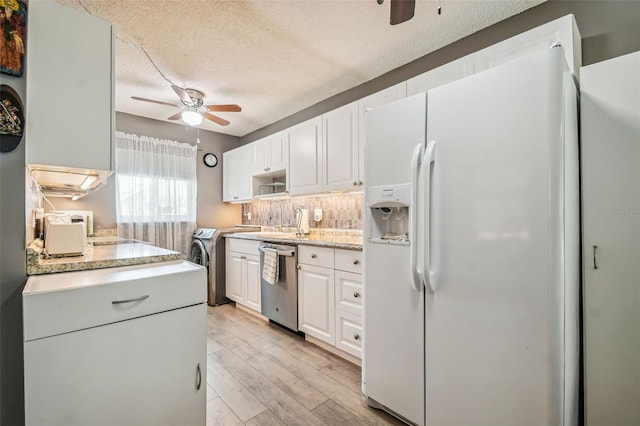 kitchen featuring light hardwood / wood-style flooring, white cabinets, stainless steel dishwasher, ceiling fan, and white fridge with ice dispenser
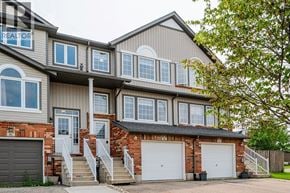 Kitchener townhouse for rent - A large house with a garage and a tree in front.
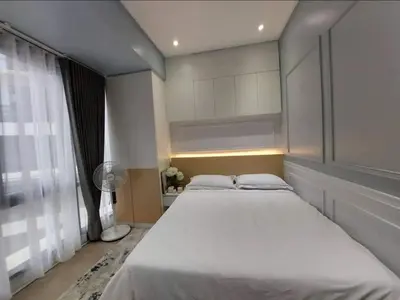 a bedroom with a large bed and a window at The Florence at McKinley Hill in Manila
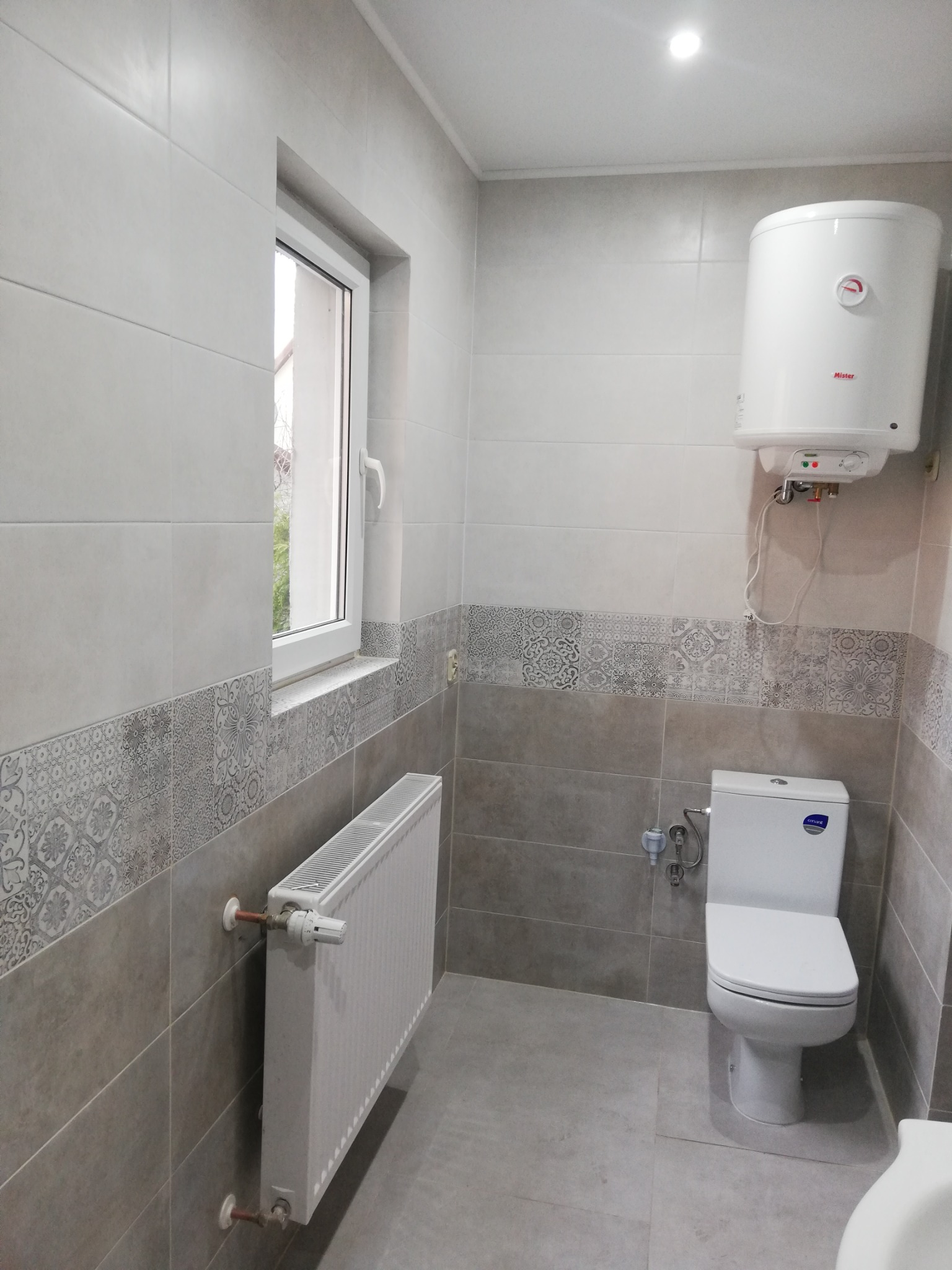 Wykończona łazienka z szarymi płytkami, dekoracyjnym pasem z wzorami, białym grzejnikiem, podgrzewaczem wody i toaletą.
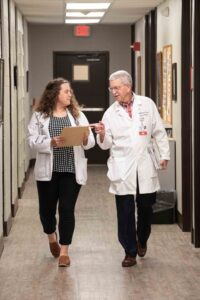 Caitlan Jones and William Crump, associate dean of Trover Campus at the UofL School of Medicine. Students can spend part of medical school in Madisonville, Ky. preparing to practice in a small community. UofL photo.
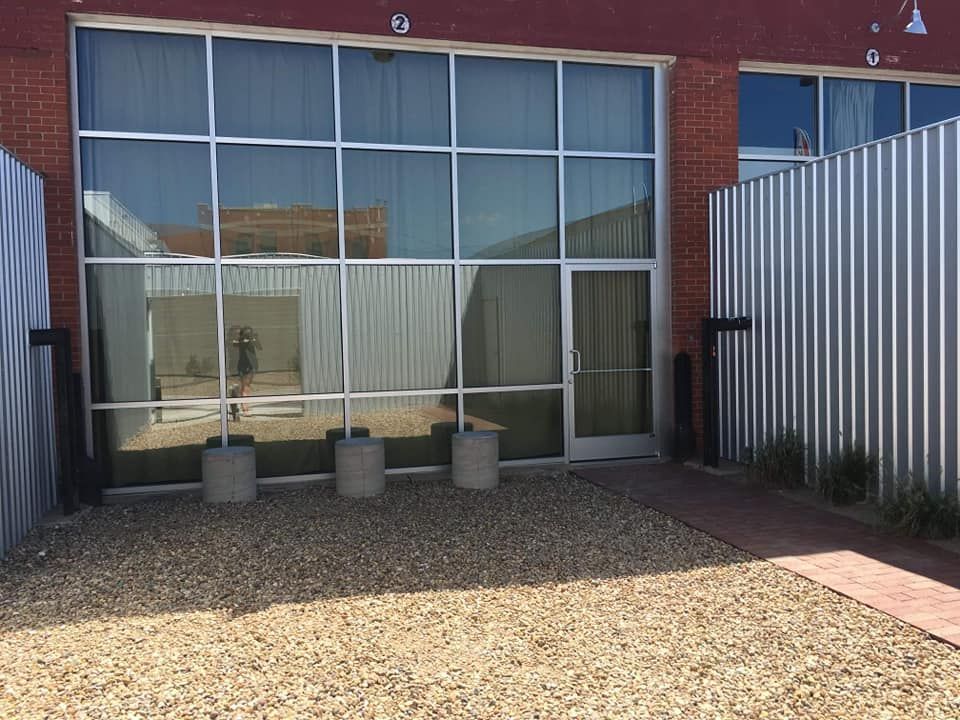 Building with large glass windows, gravel yard, metal siding, and concrete barriers.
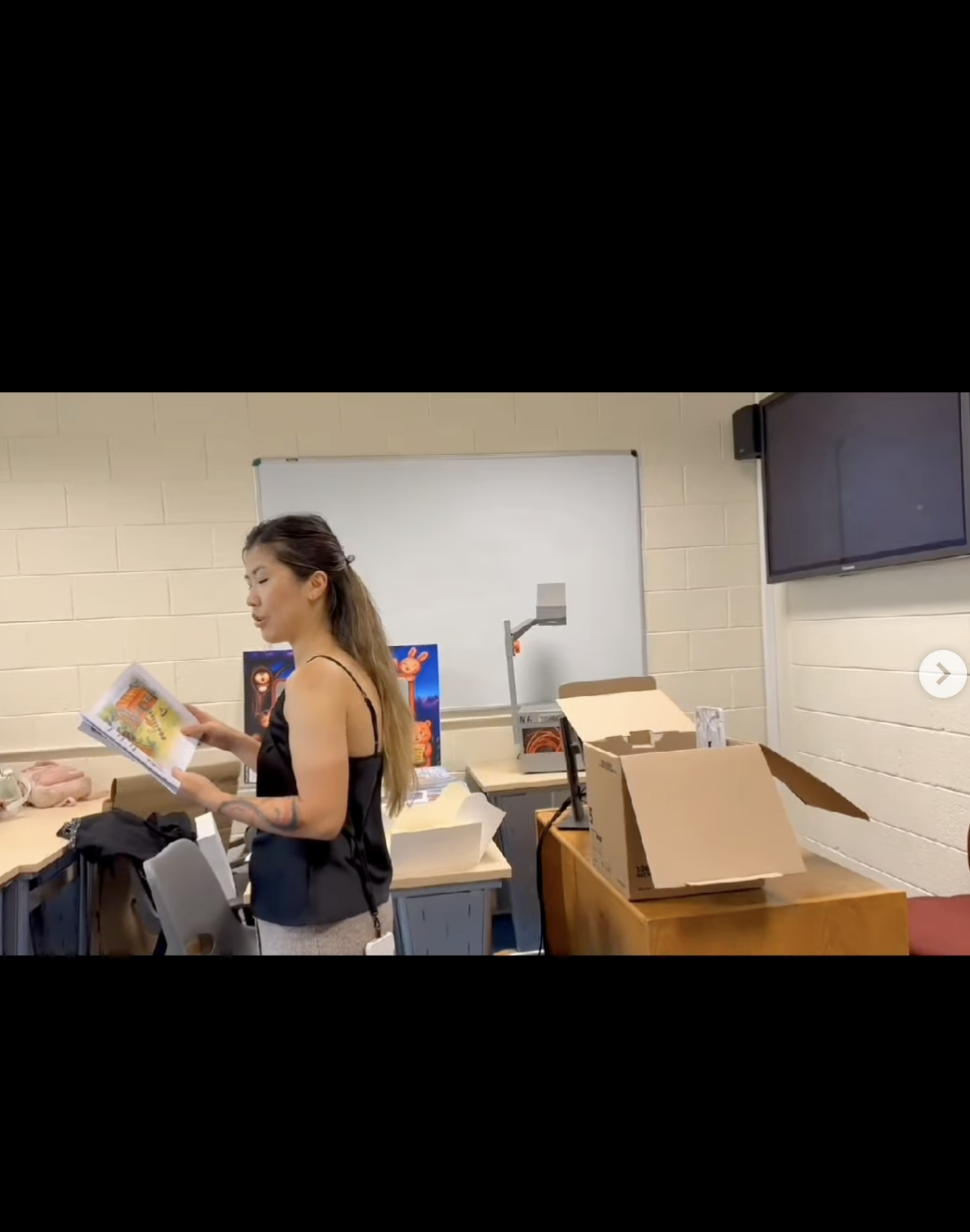 A woman in a black sleeveless top and gray pants standing in a classroom or office, holding and looking at an open magazine, with various items like cardboard boxes and a whiteboard in the background.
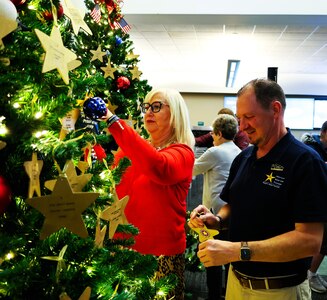 U.S. Army Survivor Outreach Services Coordinator Michelle Rutherford and Darin Funk, the incoming executive director of American Gold Star Families, Inc., affix ornaments to the tree.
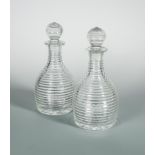 A pair of large 19th century decanters and stoppers, with faceted globular bodies and fluted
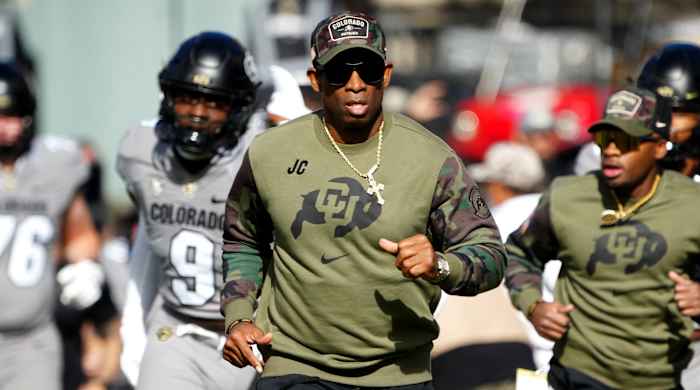 Colorado Buffaloes head coach Deion Sanders runs on to the field before a game against Arizona.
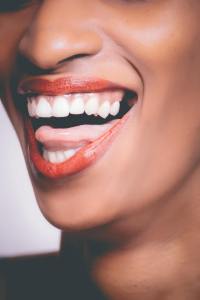dark skinned woman with white teeth and red lips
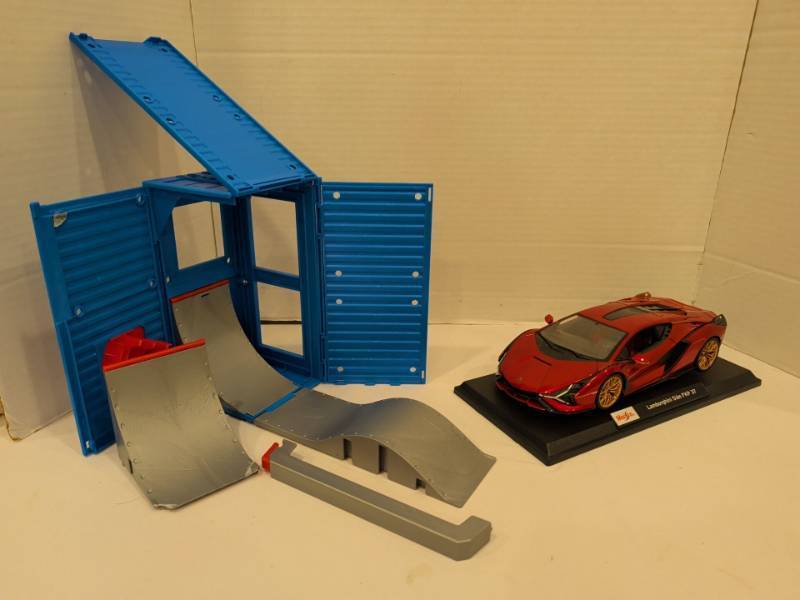 lot 2221 image: Maisto Lamborghini Si�n FKP 37 Display Model with Tech Deck Container Ramp Set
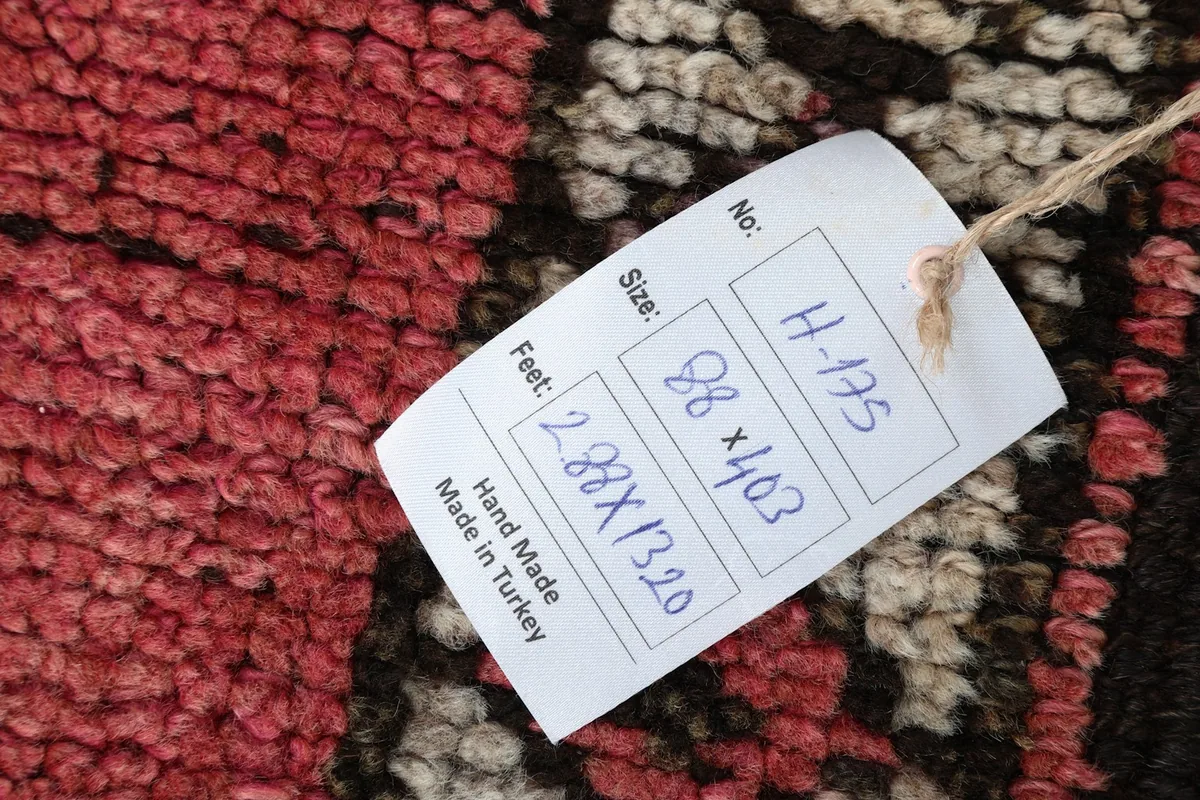 Label showing the rug's dimensions and origin: hand made in Turkey
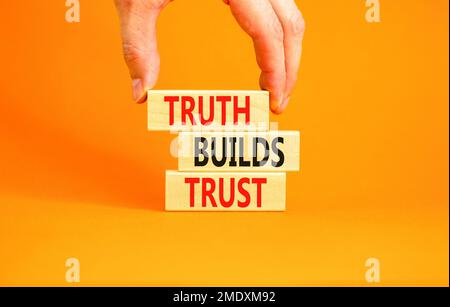 La vérité crée un symbole de confiance. Concept Words Truth construit la confiance sur des blocs de bois sur une belle table orange fond orange. Main d'homme d'affaires. Entreprise Banque D'Images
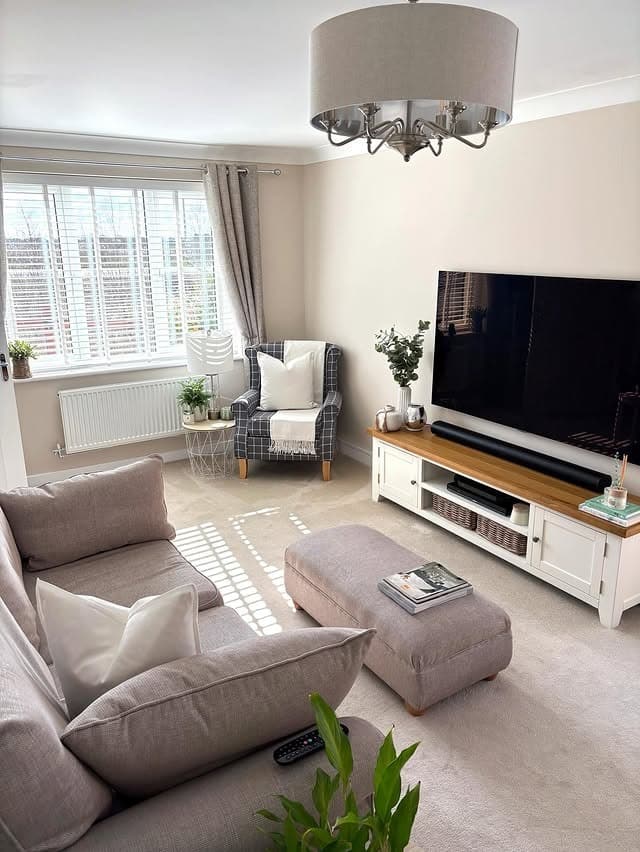 4. Neutral Family-Friendly Gathering Space - neutral living room ideas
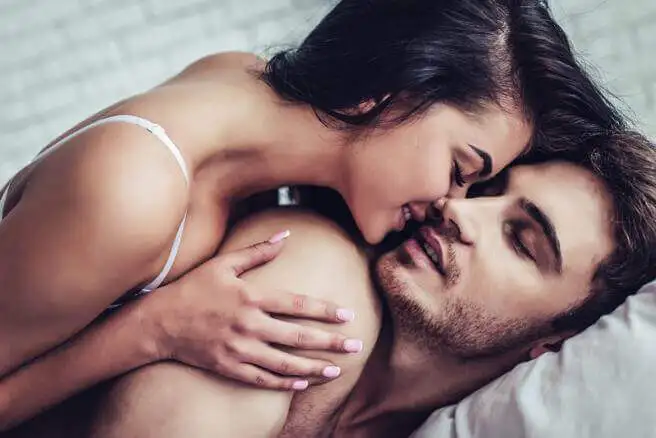 Pareja dándose un beso en la cama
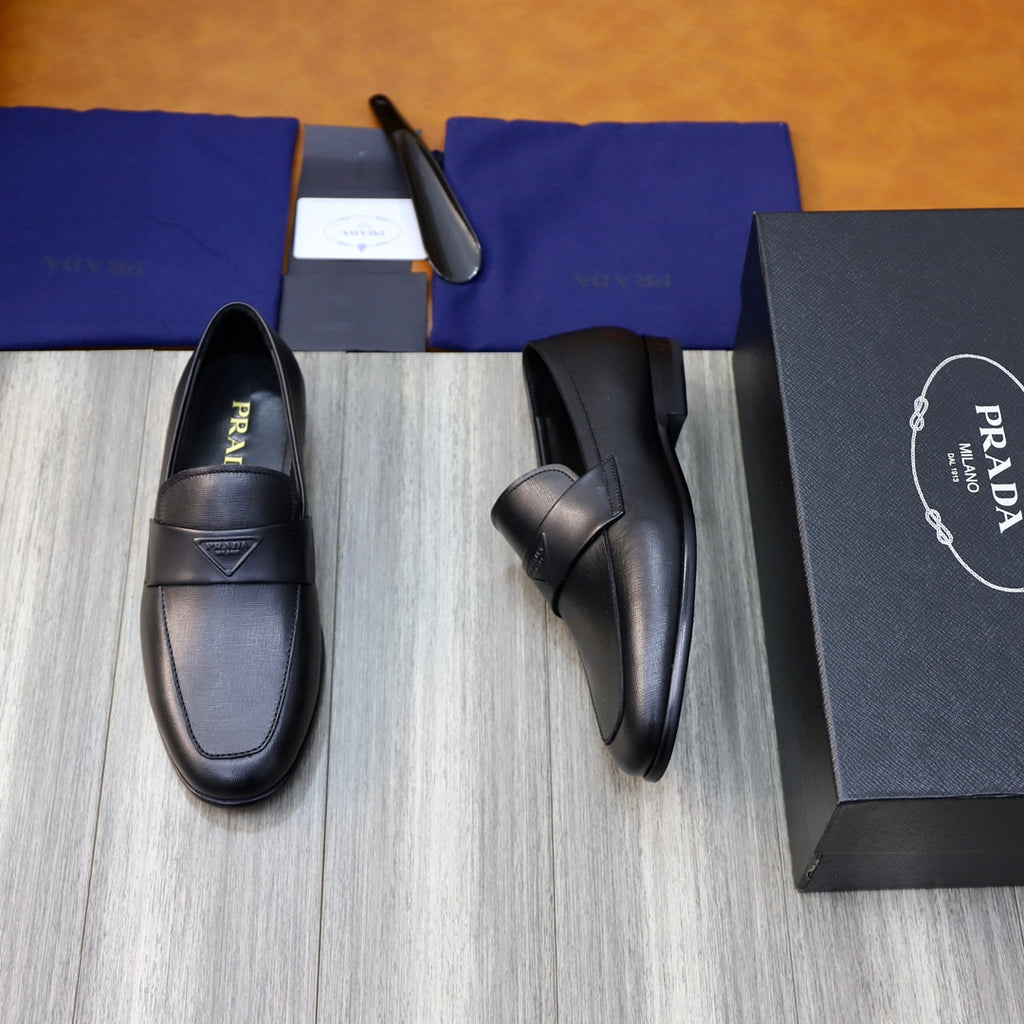 Prada unisex black leather loafer, side view with strap detail and logo badge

# # #

What is required: Return the data word for word without its pictures.

Task answer:
 kitchen featuring light hardwood / wood-style flooring, white cabinets, stainless steel dishwasher, ceiling fan, and white fridge with ice dispenser
 Kitchener townhouse for rent - A large house with a garage and a tree in front.
 a bedroom with a large bed and a window at The Florence at McKinley Hill in Manila
 Wykończona łazienka z szarymi płytkami, dekoracyjnym pasem z wzorami, białym grzejnikiem, podgrzewaczem wody i toaletą.
 Caitlan Jones and William Crump, associate dean of Trover Campus at the UofL School of Medicine. Students can spend part of medical school in Madisonville, Ky. preparing to practice in a small community. UofL photo.
 Building with large glass windows, gravel yard, metal siding, and concrete barriers.
 A woman in a black sleeveless top and gray pants standing in a classroom or office, holding and looking at an open magazine, with various items like cardboard boxes and a whiteboard in the background.
 U.S. Army Survivor Outreach Services Coordinator Michelle Rutherford and Darin Funk, the incoming executive director of American Gold Star Families, Inc., affix ornaments to the tree.
 A pair of large 19th century decanters and stoppers, with faceted globular bodies and fluted
 Colorado Buffaloes head coach Deion Sanders runs on to the field before a game against Arizona.
dark skinned woman with white teeth and red lips
 lot 2221 image: Maisto Lamborghini Si�n FKP 37 Display Model with Tech Deck Container Ramp Set
 Label showing the rug's dimensions and origin: hand made in Turkey
 La vérité crée un symbole de confiance. Concept Words Truth construit la confiance sur des blocs de bois sur une belle table orange fond orange. Main d'homme d'affaires. Entreprise Banque D'Images
 4. Neutral Family-Friendly Gathering Space - neutral living room ideas
 Pareja dándose un beso en la cama
 Prada unisex black leather loafer, side view with strap detail and logo badge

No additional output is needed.